Wednesday, February 23, 2011

Developing the Kingfisher and Turtles

It's been awhile since I've done anything other than quick works and sketches. That's fine. I feel like I need to move back and forth between the easy and the hard, that which puts a lot of pressure on me and that which puts little. Of course that pressure is primarly the pressure of failure.

But you never really improve without risking failure. There's only the thrill of success when you realize that you're taking a chance and risking something. But this does take a toll, so I for one have never seen any need to put constant pressure on myself.

All of which is a long roundabout way of saying I wanted to try something more ambitious with my sketches of the Belted Kingfisher, Painted Turtles and Snow.

The accompanying photos show two versions of a new watercolor. It's a slightly different design than the last wash study. One of the things I'm finally starting to get comfortable with in representational work is modifying what I actually saw. For years I couldn't do this. I only felt comfortable drawing or painting exactly what I saw, whether in real life or from a photo I took. But happily that has changed. And there is something thrilling about creating your own world, almost like writing a novel.

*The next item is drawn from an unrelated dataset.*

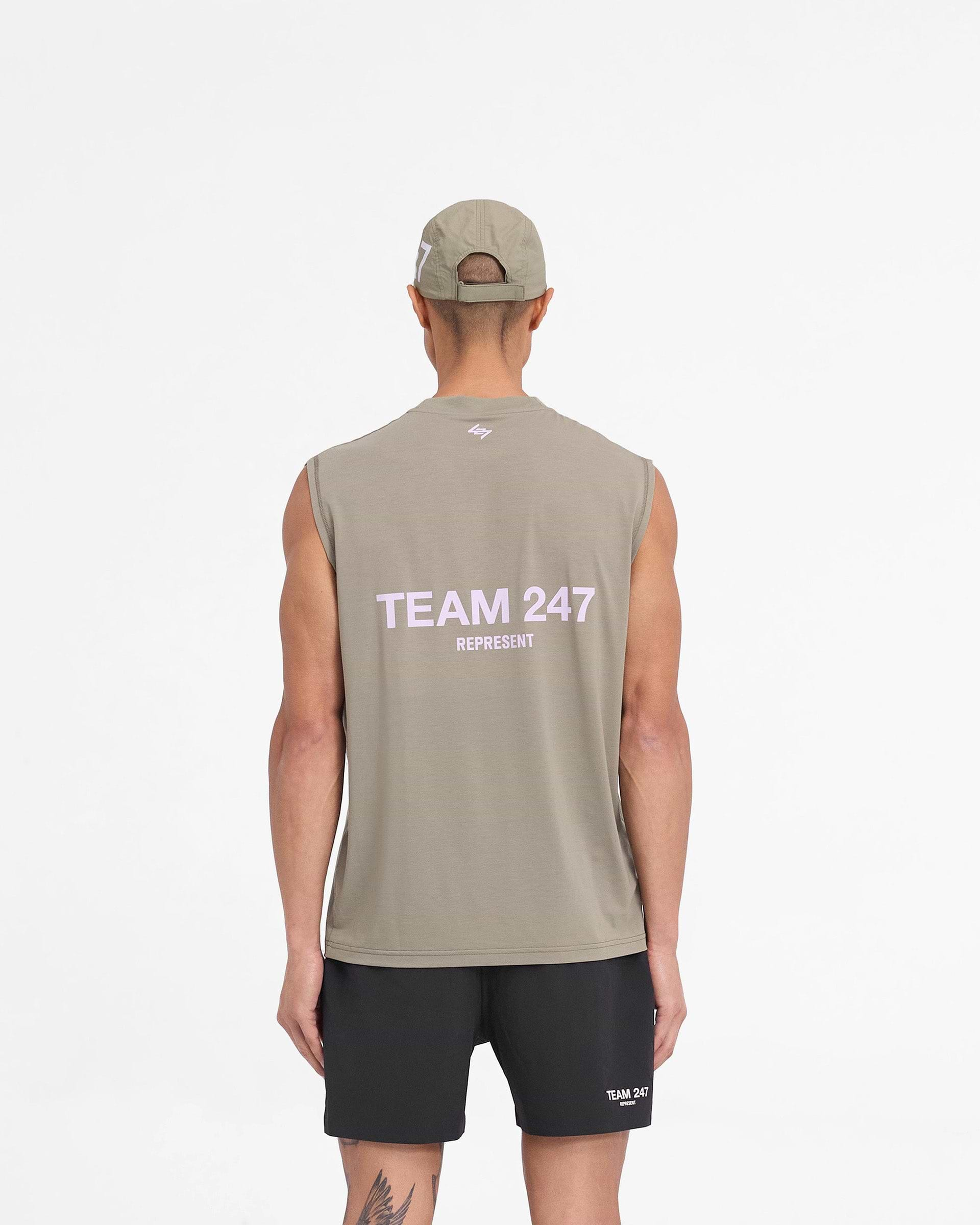 Team 247 Oversized Tank - Kaki Lilas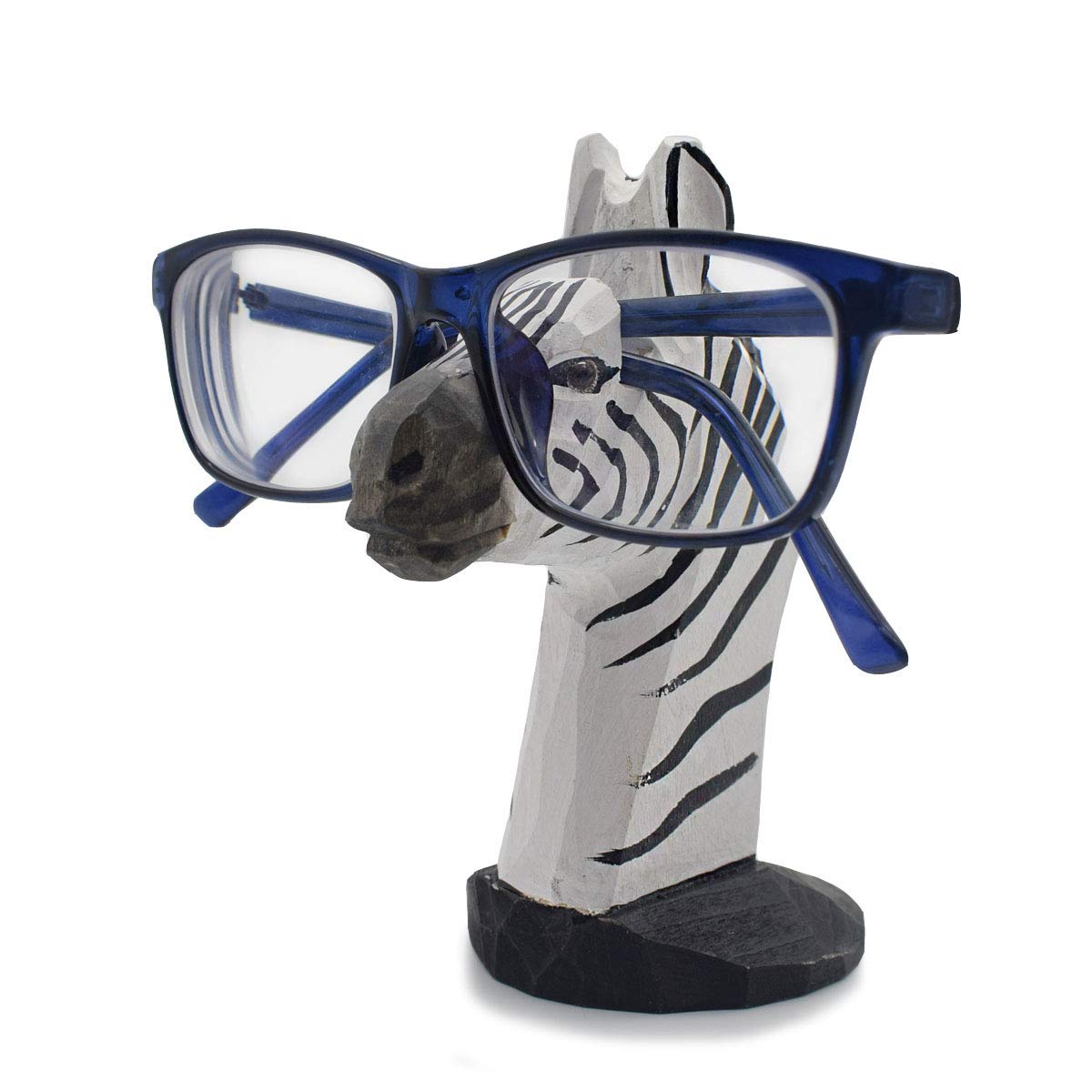 VIPbuy Handmade Wood Carving Eyeglasses Spectacle Holder Stand Sunglasses Display Rack Home Office Desk D  cor Gift (Zebra)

The first version at top is the most recent version. I changed it from the second photo because I was afraid the kingfisher got lost in all the surrounding blue. So I made some of the water a bit more green/brown. And that was probably accurate as well. I didn't take any photos of the water so I can't say for sure.

I'm not sure if this is done. Pretty close if not actually done. You can only work a watercolor so far without ruining it. And I still think I'll do a linocut of this same subject.